How many times do I roll an unfair die to determine its bias?
There's a way to approximate the answer using information theory. Let $X$ be the variable representing the side, and let $D$ be an outcome of a roll. Each roll tells you that much information about $X$: $$ I(X;D) = H(D) - H(D|X) = \log 96 + 95 \cdot 0.01 \log 0.01 + 0.05 \log 0.05. $$ As an approximation, the information gained from different rolls is additive; it's certainly at most additive. Since $H(X) = \log 96$ (since you have no a-priori belief about $X$), the number of rolls needed is at least $$ \frac{H(X)}{I(X;D)} \approx 115. $$
Another way to approach the same question is as follows. Suppose the die was thrown $N$ times. The good side came up approximately $N/20$ times, and all the others came up $\mathrm{Bin}(N,0.01) \approx \mathcal{N}(0.01N,0.0099N)$. So we want the probability that such a normal variable be larger than $N/20$ to be smaller than $1/95$ (since there are $95$ such variables; we're ignoring their dependence). This is $$\frac{0.05N - 0.01N}{\sqrt{0.0099N}} \approx 0.4\sqrt{N}$$ standard deviations. Looking at a table, we need roughly $2.3$ standard deviations to get a probability of $1/95$, so we need $$N \approx (2.3/0.4)^2 = 33. $$ Of course, this estimate is pretty rough (it doesn't even match our previous supposed lower bound).

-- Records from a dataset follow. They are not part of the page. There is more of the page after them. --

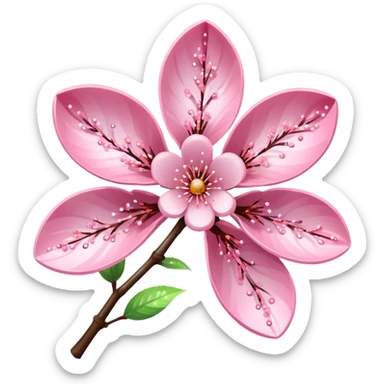 Stylized pink glitter cherry blossom flower (sakura) sticker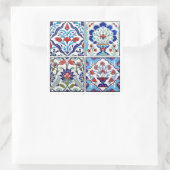 Collectie Turkse tegels Vierkante Sticker (Tas)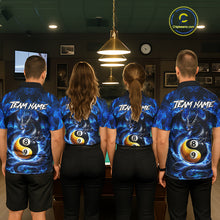 Load image into Gallery viewer, Blue 8 Ball &amp; 9 Ball Fire Yin And Yang Dragon Billiard Shirt For Men Custom Pool Team Jersey TDM5841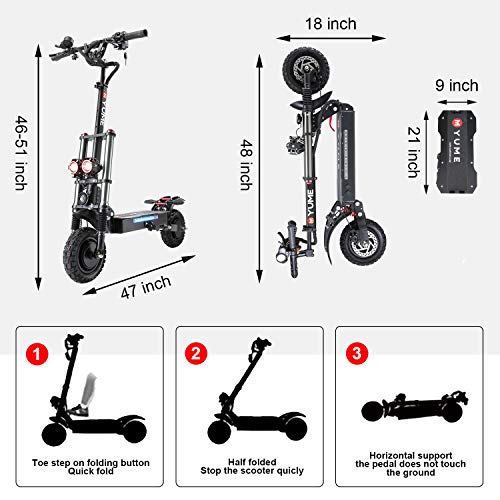 Adult Electric Scooter Dual Motor 52V 2400W 40 MPH 40 Miles 10" Off Road 330lbs Max Load Folding Scooter N73820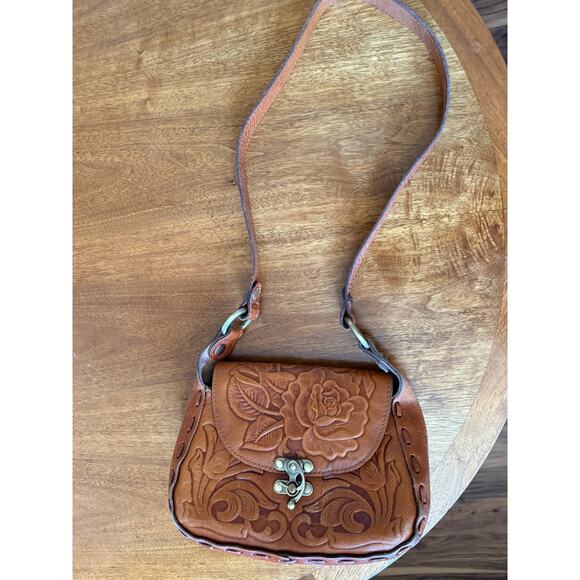 Patricia Nash Micaela Baguette Bag Brown Cognac Flap Shoulder Tooled Leather - Picture 8 of 12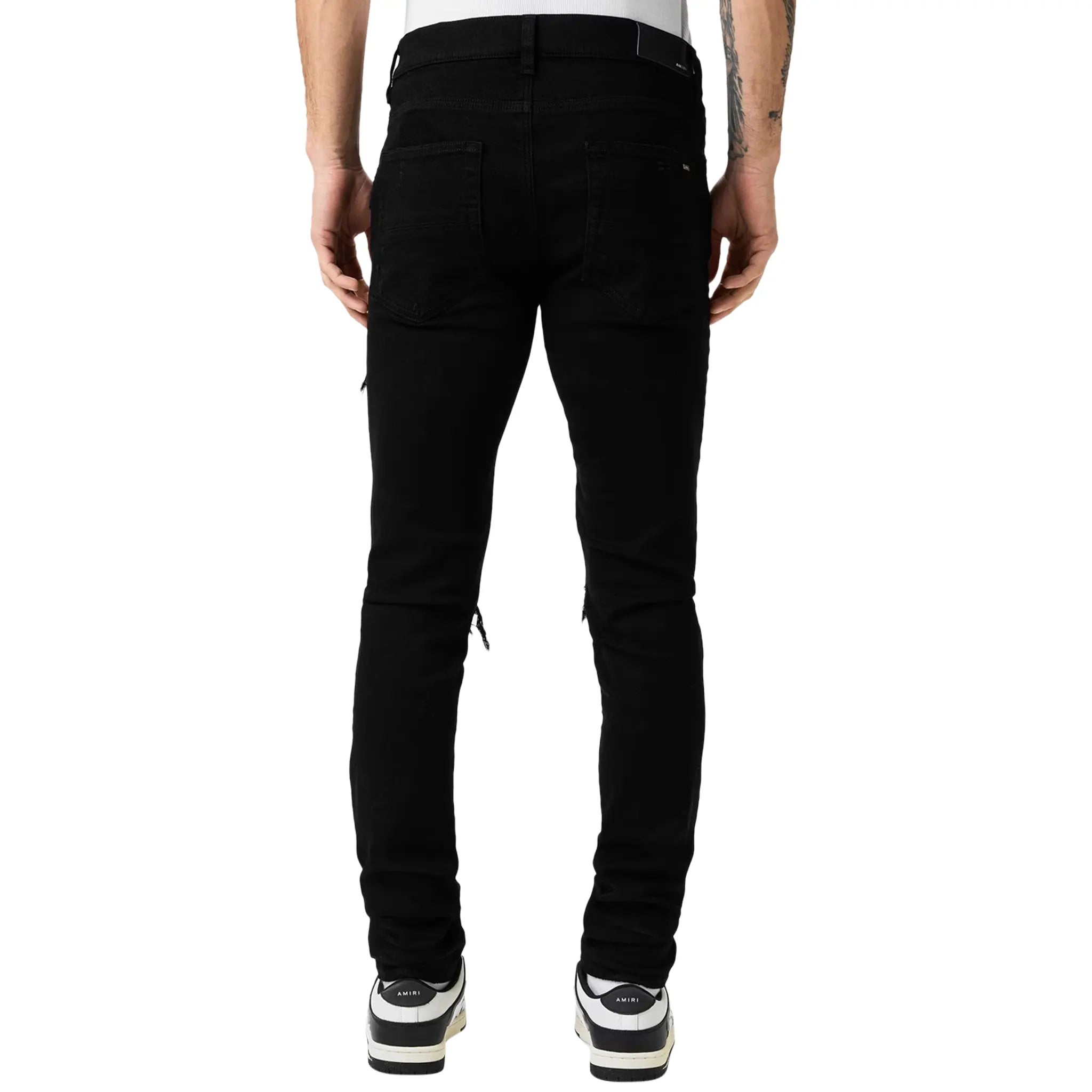 Amiri MX1 Black Leather Patch Jeans for Men - Premium Distressed Denim Pants with Stylish Leather Accents | Perfect for Casual Wear, Night Out & Street Fashion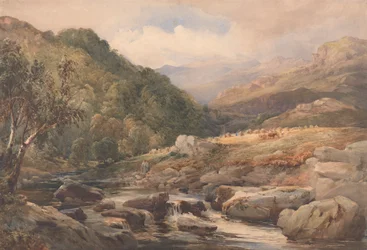 Landschaft mit Bach und Heuarbeitern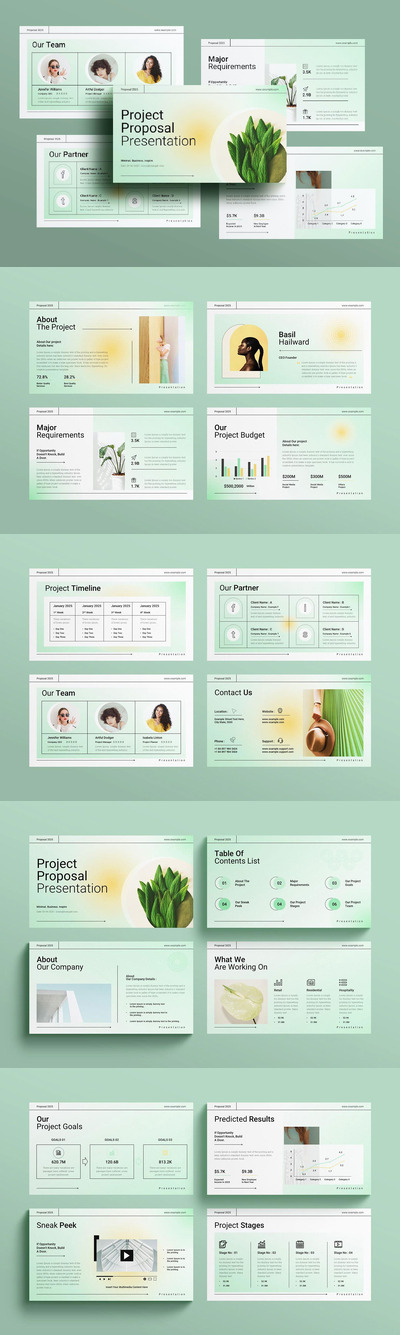 渐变项目提案 PowerPoint 演示文稿PPT模版 (PPTX)
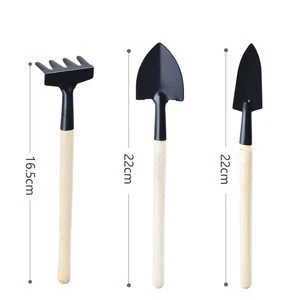 3 pieces shovel rake suit kids garden tools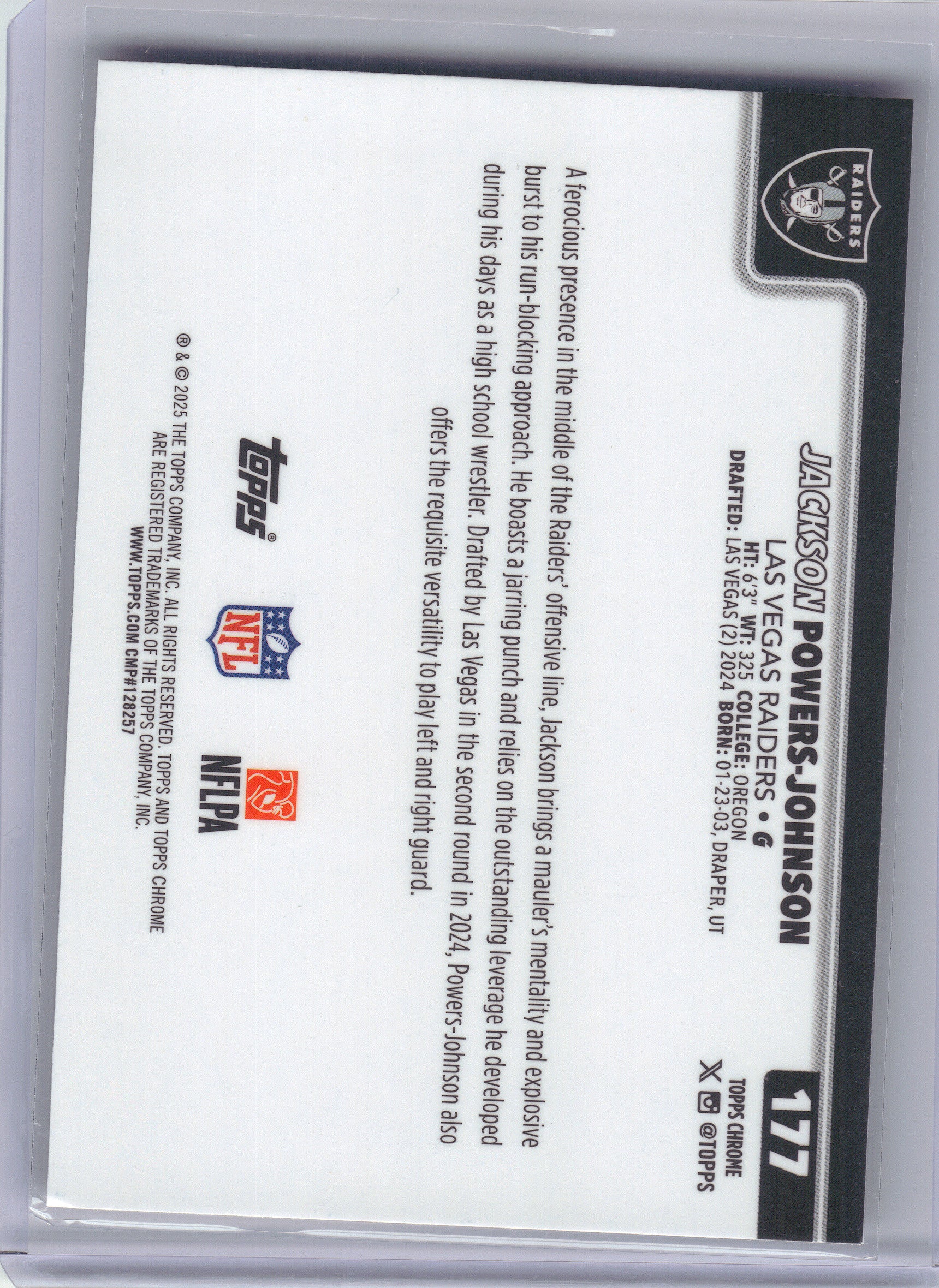 2025 Topps Chrome #177 Jackson Powers-Johnson Football Leather Refractor Las Vegas Raiders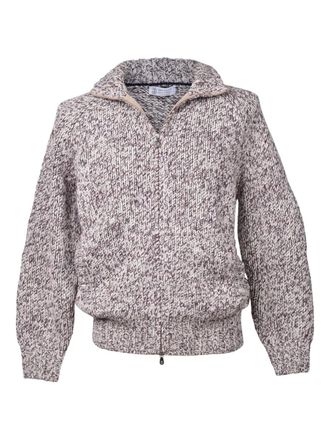 Brunello Cucinelli zip-front marl-knit cardigan - men - Fabric - 5XL - Red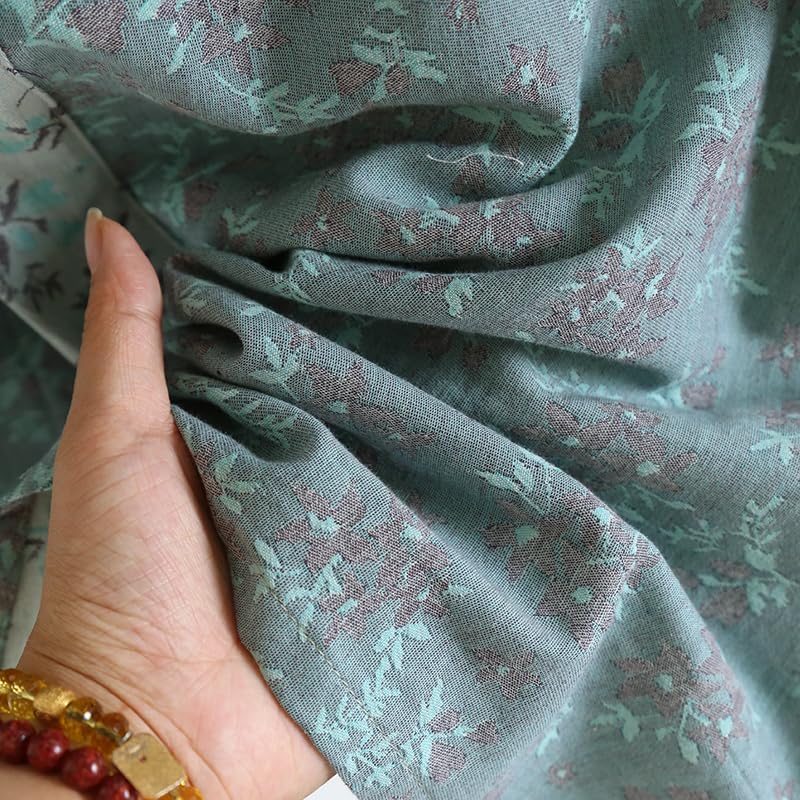 PRINCESS BRIDE Yarn-dyed Cotton Jacquard Elegant Kimono Robe Traditional Loose Yukata Bathrobe Mid-Length Loungewear for Women 165/88A/L(Light Blue) - Image 7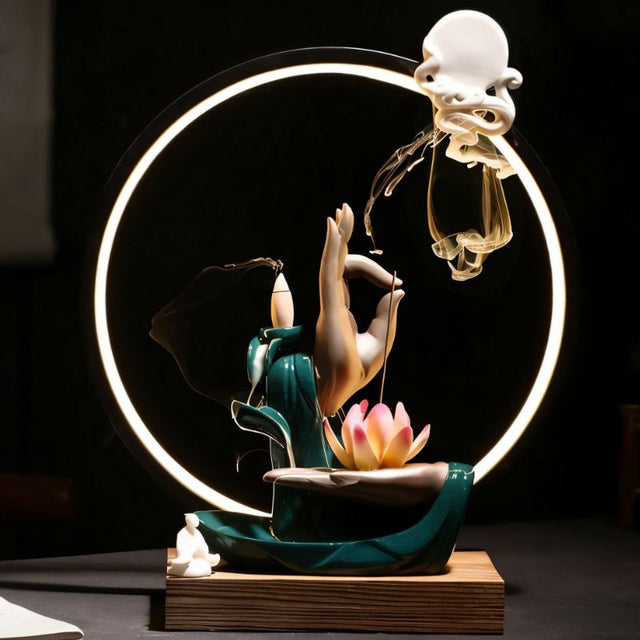 Moonlit Incense Burner Table Lamp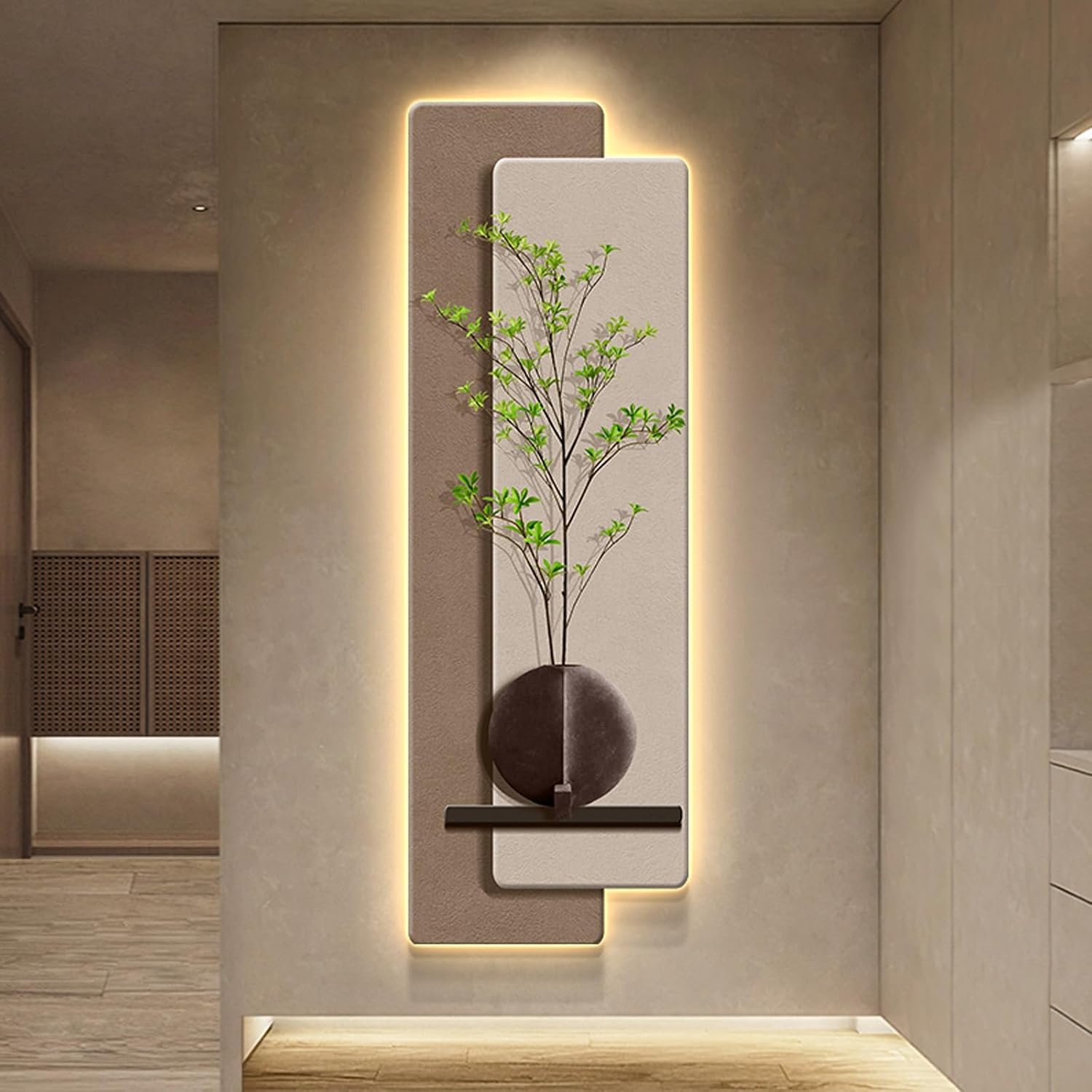 HARELA 3D Art Wall Decor with Led, Wall Sculpture Painting Decor with Fake Plant, Plug-in Power Supply 3D Wall Mural for Home, Restaurant, Hotel(Brown A,50x150cm/19.7x59in)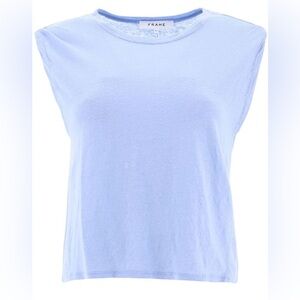 NWT FRAME Rolled Muscle crew-neck Top Light Blue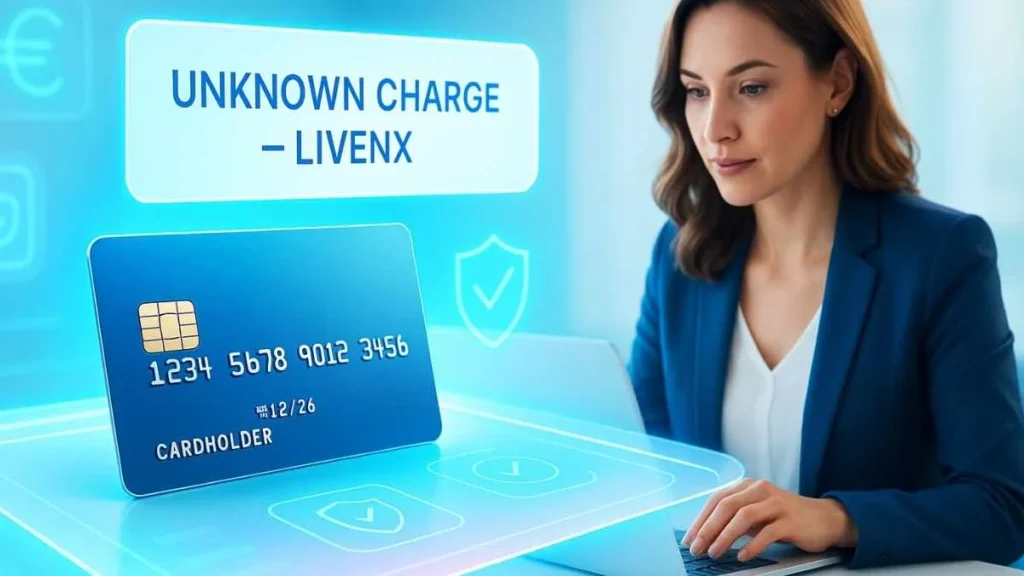 Feature image showing credit card, digital fraud alert, and LIVENX charge warning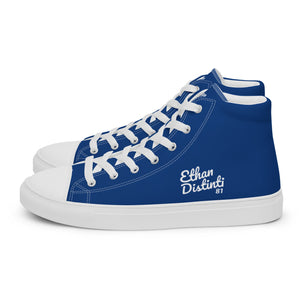 EDM - Royal Blue - White Text - Men’s High Top Canvas Sneakers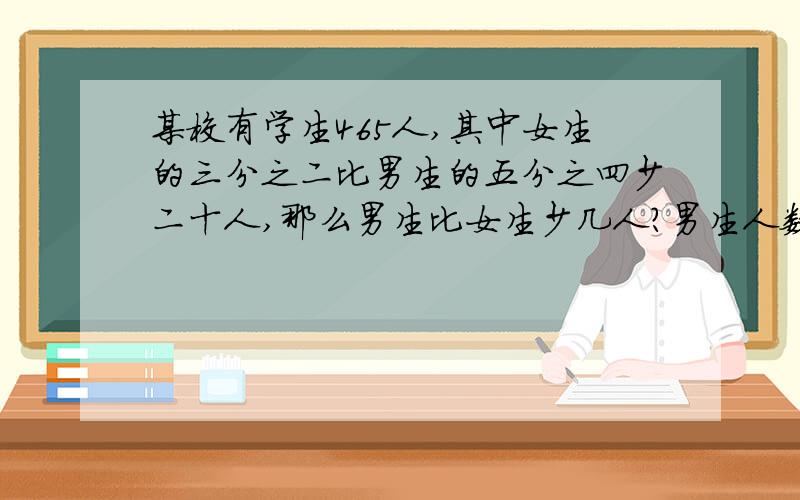 某校有学生465人,其中女生的三分之二比男生的五分之四少二十人,那么男生比女生少几人?男生人数：（465+30）/（1+5/6）=495/5/11=225,请问30代表什么?1+5/6代表什么?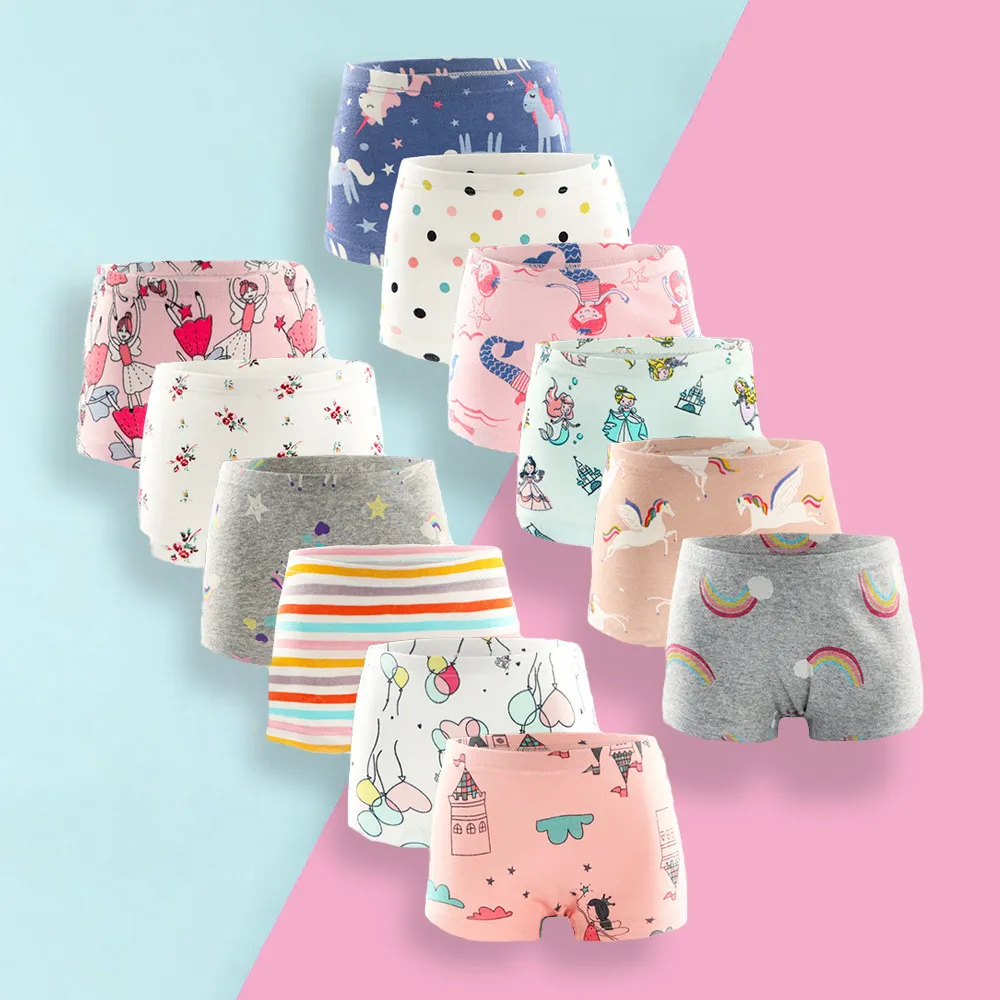 Kids Toddler Girls Cute Cartoon Print Cotton Panties Underwear Pajamas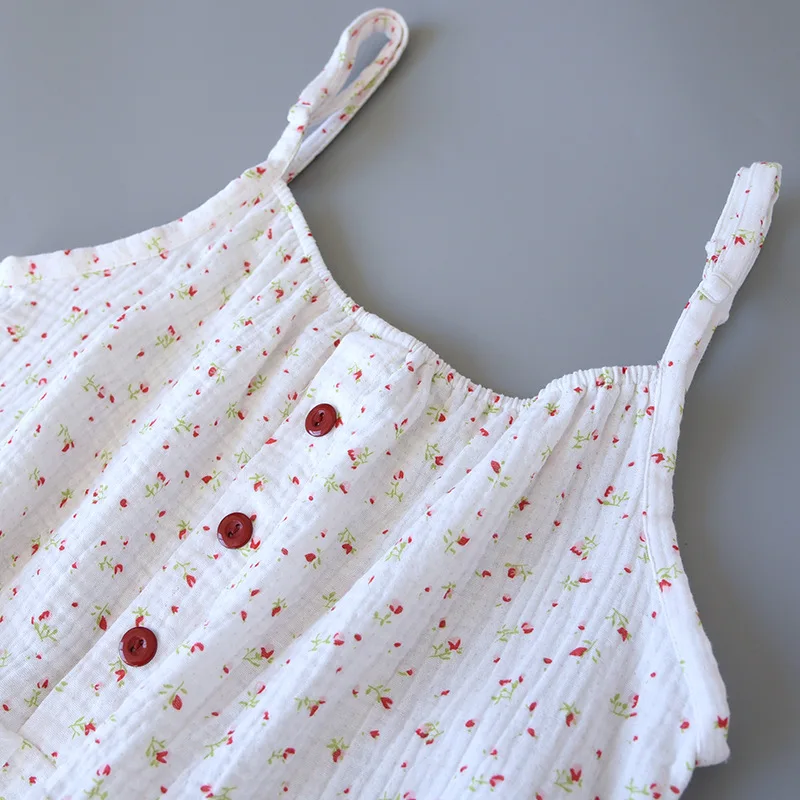 Summer new cute Japanese girl 100% cotton crepe pajamas suspenders shorts two-piece loose sweet suit home service plus size sexy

The estimate in the previous paragraph is particularly problematic since in this range the convergence to the normal distribution is pretty bad (the expectation is very small, roughly $1$). In this regime, the probability is actually roughly Poissonian. Let's estimate the probability of success when $N=100$ using this approximation. The correct side is going to show up roughly $5$ times. Each other side is going to show up $P(1)$ times, so it's going to be as large as $4$ with probability $$ 1 - e^{-1} \sum_{t=0}^4 \frac{1^t}{t!} \approx 0.00366. $$ So the expected number of "contenders" is $$ 0.00366 \cdot 95 \approx 0.35.$$ Assuming independence, the probability of no contenders is roughly $$ (1 - 0.00366)^{95} \approx 0.706. $$ This approximation is only roughly vindicated by the experiments below.
In order to find a better approximation, let's take into account the roughly $P(5)$ distribution of the histogram of $X$: $$ e^{-5} \sum_{H=0}^\infty \frac{5^H}{H!} \left(e^{-1} \sum_{t=0}^{H-1} \frac{1}{t!} \right)^{95} \approx 0.527. $$ This conforms much better to the results below.
Finally, here are experimental results from one million trials, along with the Poisson approximation:
$$ \begin{array}{r|c|c} N & \text{Experiment} & \text{Approx} \\\hline 50 & 0.272323 & 0.274900 \\ 100 & 0.526765 & 0.527424 \\ 150 & 0.718004 & 0.714956 \\ 200 & 0.840143 & 0.836808 \\ 250 & 0.912917 & 0.910115 \\ 300 & 0.954097 & 0.951953 \end{array}$$
The results support the information-theoretic bound, as well as our estimates obtained using the Poisson approximation.
Note: When the success probability is $p$ and there are $T$ trials, the standard deviation is $$\sqrt{\frac{p(1-p)}{T}} \leq \frac{1}{2\sqrt{T}}.$$ In our case, $T = 10^6$ and so a standard deviation is at most $0.5\cdot 10^{-3}$. With probability $95\%$, the error is at most two standard deviations, i.e. $\pm 0.001$. So the experimental results are correct up to roughly the third digit (which may be slightly off itself).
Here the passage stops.